1.1. The First Major Switch in the Evolution of Vitamin A-Based Light Sensors

All vitamin A-based photoreceptor proteins are called opsins. All opsins in the animal kingdom that sense light for vision (visual pigments) are G-protein coupled receptors. Visual pigments sense light for daytime and nighttime vision and encode wavelength information of light for color vision [3]. All opsins in the animal kingdom are homologous to visual pigments. In contrast, opsins in unicellular organisms are light-gated channels (for light sensing) or light-driven pumps (for harvesting light energy) [4]. The switch from ion channel and pumps to G-protein coupled receptors is the first major event in the evolution of vitamin A-based light sensors (Table 1). Opsins that are light-gated ion channels or pumps use all-trans retinal as the chromophore, while opsins that are G-protein coupled receptors all use 11-cis retinal as the chromophore (Table 1 and Figure 1). The vitamin A-based light sensors listed in Table 1 are not meant to be all inclusive because some species contain surprisingly large numbers of opsins, and the functions of some opsins are still not well understood. Using humans and mice as an example, the human retina has long-, medium- and short-wave visual pigments in cone photoreceptor cells [5,6], rhodopsin in rod photoreceptor cells [7,8,9,10], melanopsin in ganglion cells [11,12,13,14,15,16,17], peropsin in the apical microvilli of the retinal pigment epithelium (RPE) [18] and RGR in the intracellular membranes of the RPE [19,20,21,22] (Figure 2). The mouse retina does not express the long-wave cone pigment [23], but has an additional opsin called neuropsin, which is mostly localized to the amacrine and ganglion cell layers [24,25].

Figure 1
Examples of structural divergence of biologically active retinoids. For simplicity, only representative biologically active endogenous retinoids are shown.
Figure 2
Schematic diagram of the localization of various opsins in human and mouse retina and retinal pigment epithelium (RPE). Only cells or cellular structures that express opsins are shown and are color-coded. There are species variations. Human, but not mouse, ...

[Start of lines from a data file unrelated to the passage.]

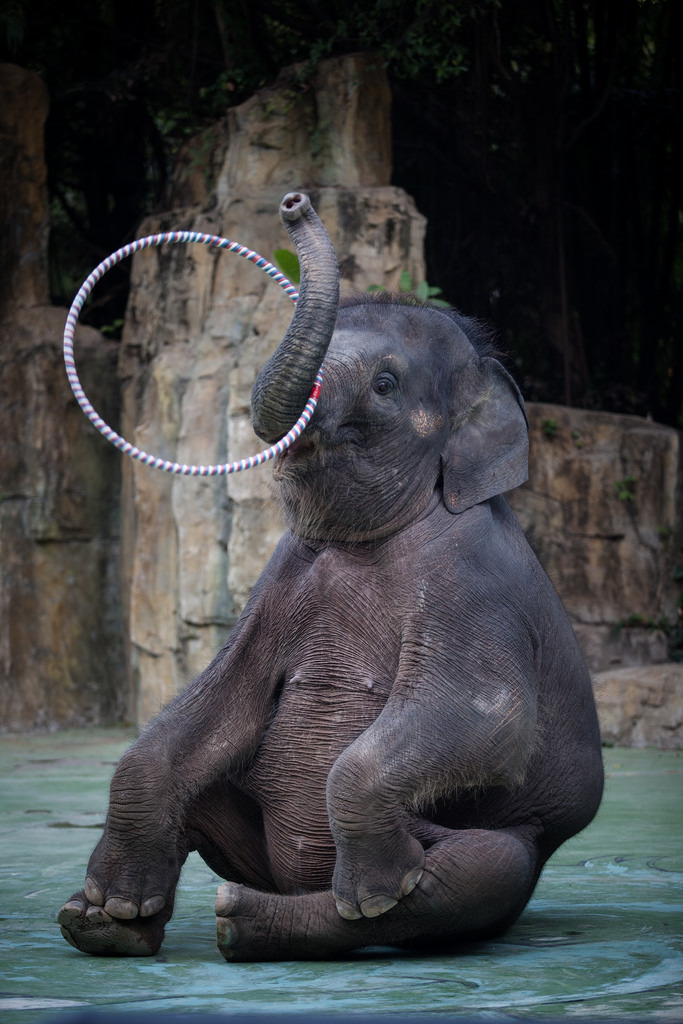 廣州長隆集團曾經從辛巴威引進大象,該集團經營主題公園、旅館、娛樂休閒等項目,是中國旅遊業的龍頭集團企業。圖片來源:Animals Asia(CC BY-NC 2.0)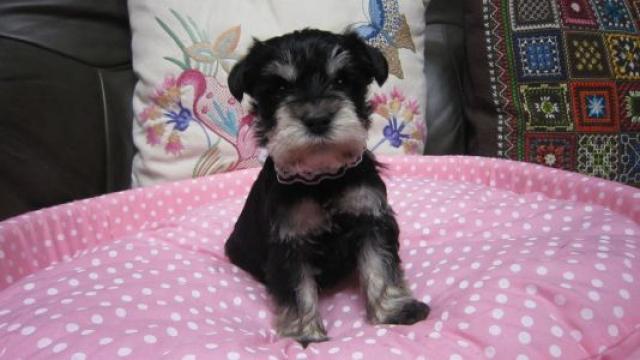 ミニチュアシュナウザー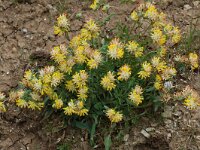 Anthyllis vulneraria ssp vulneraria 7, Wondklaver, Saxifraga-Willem van Kruijsbergen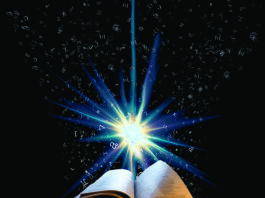 Co można robić w życiu bez studiów?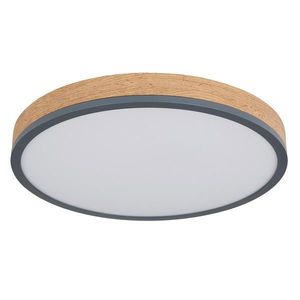 Globo STROPNÍ LED SVÍTIDLO, 45/8, 5 cm obraz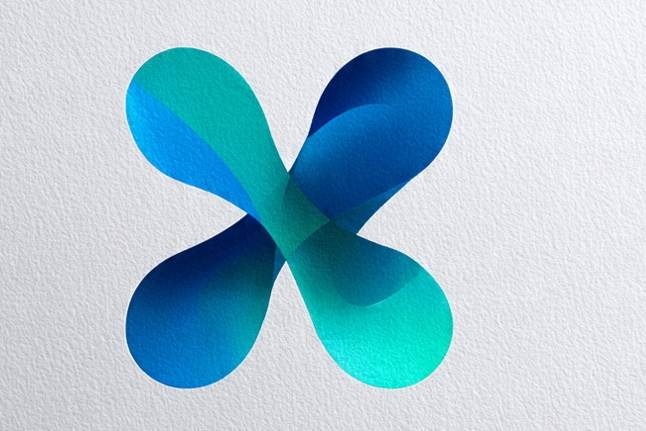 Portfolio for Logo Design in Canva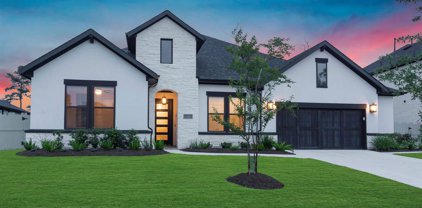 10082 S Goshawk Trail, Conroe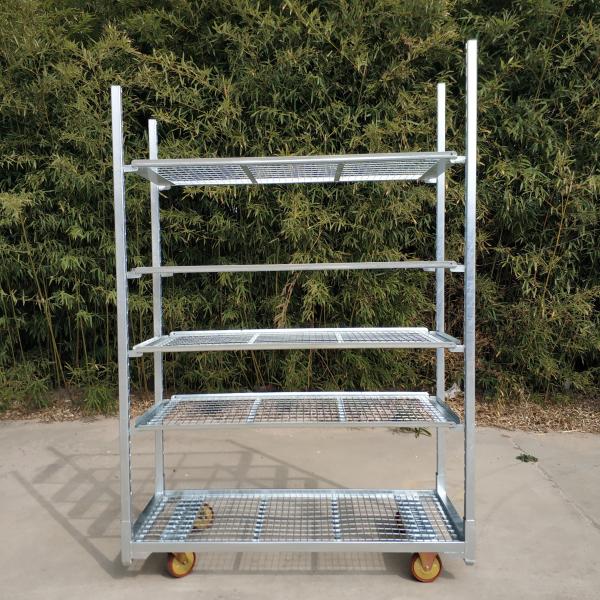 Metal Mesh Danish Flower Trolley Hot Dip Galvanizing For Warehouse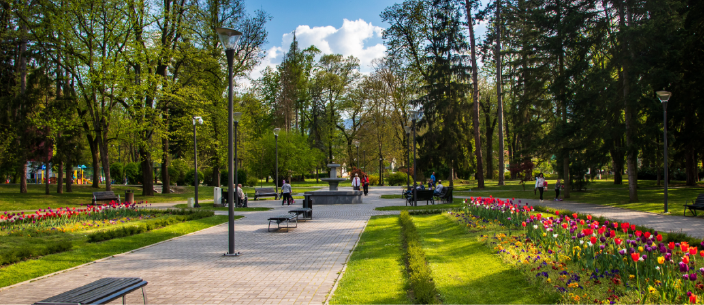 biodiversities green space - park with concrete path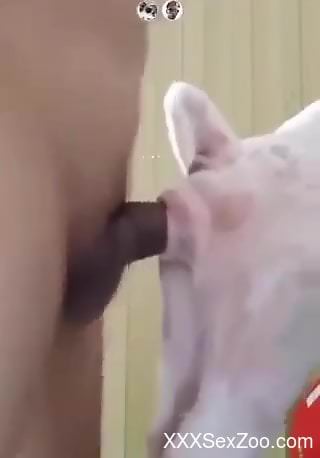 Dude fucking a dog from behind like an alpha dog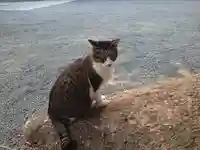 一宮神社の動物
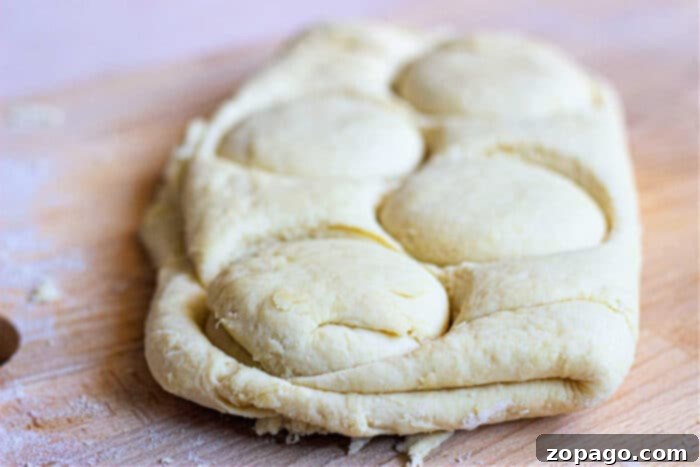 Pillowy Plant-Based Biscuits with Savory Gravy 3 A close-up of unbaked biscuit dough, precisely cut into rounds and arranged on a flour-dusted cutting board, showcasing the preparation of no-butter biscuits.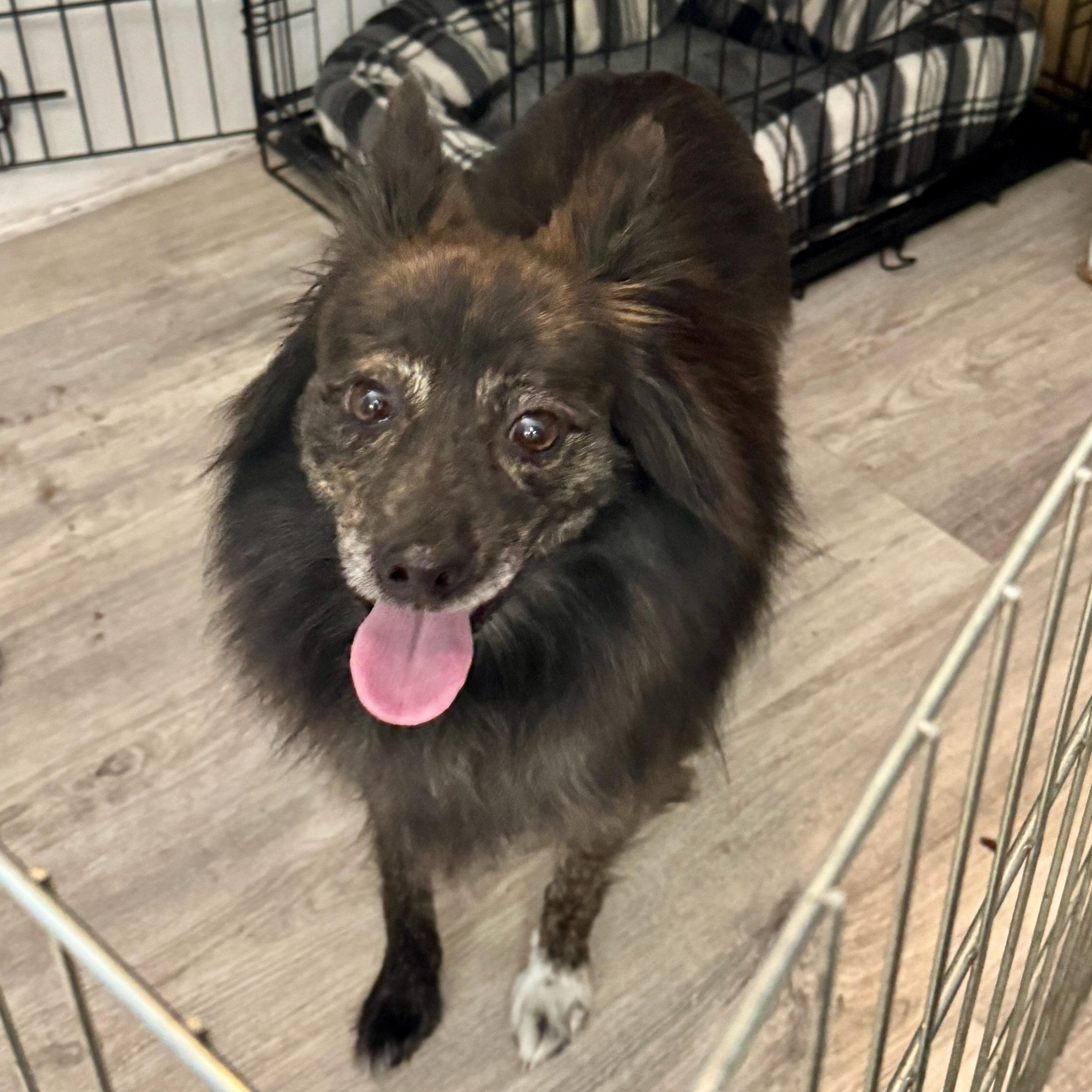 Jax, an adoptable Schipperke, Pomeranian in Sequim, WA, 98382 | Photo Image 3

Although there is tremendous diversity in the absorption maxima of cone visual pigments, the peak absorbance of rhodopsin, the dim light receptor, in many species is 500 nm. Why not 450 nm or 550 nm? One likely explanation is that the wavelength of the peak irradiance of sunlight on earth surface is 500 nm. Moonlight, the dominant light in natural world at night, is reflected sunlight and thus has same peak irradiance. The peak absorbance of rhodopsin matches this peak irradiance to achieve maximum sensitivity to available light. In contrast, maximum sensitivity is less important for cone visual pigments, which diversify their absorbance maxima for color vision. An extreme example of how available light determines the absorption spectra of visual pigments is the color vision of coelacanth, which lives at a depth about 200 m. To detect color and light in deep ocean where available light spans a very narrow range around 480 nm, coelacanth has only two visual pigments with absorption maxima of 478 nm and 485 nm, respectively [26]. This is in sharp contrast to another extreme example of a fish that has vision both above and below water (Anableps anableps). This fish has ten different opsins to adapt to vision both above and below water [27]. Visual pigments can achieve the exact absorption maximum that meets the organism’s biological need through several mechanisms of spectral tuning. The common mechanism of spectral tuning is to change the protein environment that surrounds the chromophore [28,29,30,31,32,33,34,35]. Generally, opsin environments that encourage π-electron delocalization of retinal cause a red shift in the absorption maximum. Another mechanism is by changing the structure of the chromophore itself. Although retinal is the universal chromophore for all vitamin A-based light sensors, the exact isomer of retinal can be different between species (Figure 1). For example, aquatic animals are known to shift absorption maxima of visual pigments by using the A1 (11-cis retinal) or A2 (11-cis-3,4-dehydroretinal) chromophore [36,37,38,39,40]. There are also examples of terrestrial vertebrates using vitamin A2-based visual pigments, which belong to the most red-shifted visual pigments (e.g., absorption maximum of 625 nm) [41]. A2 pigments absorb longer wavelengths of light compared to the A1 version because of the extension of the conjugated chain of the chromophore.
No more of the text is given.